Scraped caption text data

****************************************

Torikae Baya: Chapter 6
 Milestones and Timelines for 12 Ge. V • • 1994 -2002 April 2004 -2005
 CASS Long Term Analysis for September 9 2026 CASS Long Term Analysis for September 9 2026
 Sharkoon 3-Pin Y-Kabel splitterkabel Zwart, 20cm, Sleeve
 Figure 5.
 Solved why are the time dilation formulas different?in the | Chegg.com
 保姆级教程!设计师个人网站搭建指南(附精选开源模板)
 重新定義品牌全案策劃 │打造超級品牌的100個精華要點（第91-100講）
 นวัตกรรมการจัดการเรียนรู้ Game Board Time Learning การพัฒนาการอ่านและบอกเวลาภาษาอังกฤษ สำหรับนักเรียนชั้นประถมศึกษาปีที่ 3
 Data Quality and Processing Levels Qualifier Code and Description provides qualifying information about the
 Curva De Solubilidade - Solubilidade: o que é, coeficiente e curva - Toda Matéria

****************************************

[YOUR TASK]
Locate "保姆级教程!设计师个人网站搭建指南(附精选开源模板)" in the data above. Then repeat, exactly, its line and each line after it through the last, adding nothing.

[SOLUTION BELOW]
 保姆级教程!设计师个人网站搭建指南(附精选开源模板)
 重新定義品牌全案策劃 │打造超級品牌的100個精華要點（第91-100講）
 นวัตกรรมการจัดการเรียนรู้ Game Board Time Learning การพัฒนาการอ่านและบอกเวลาภาษาอังกฤษ สำหรับนักเรียนชั้นประถมศึกษาปีที่ 3
 Data Quality and Processing Levels Qualifier Code and Description provides qualifying information about the
 Curva De Solubilidade - Solubilidade: o que é, coeficiente e curva - Toda Matéria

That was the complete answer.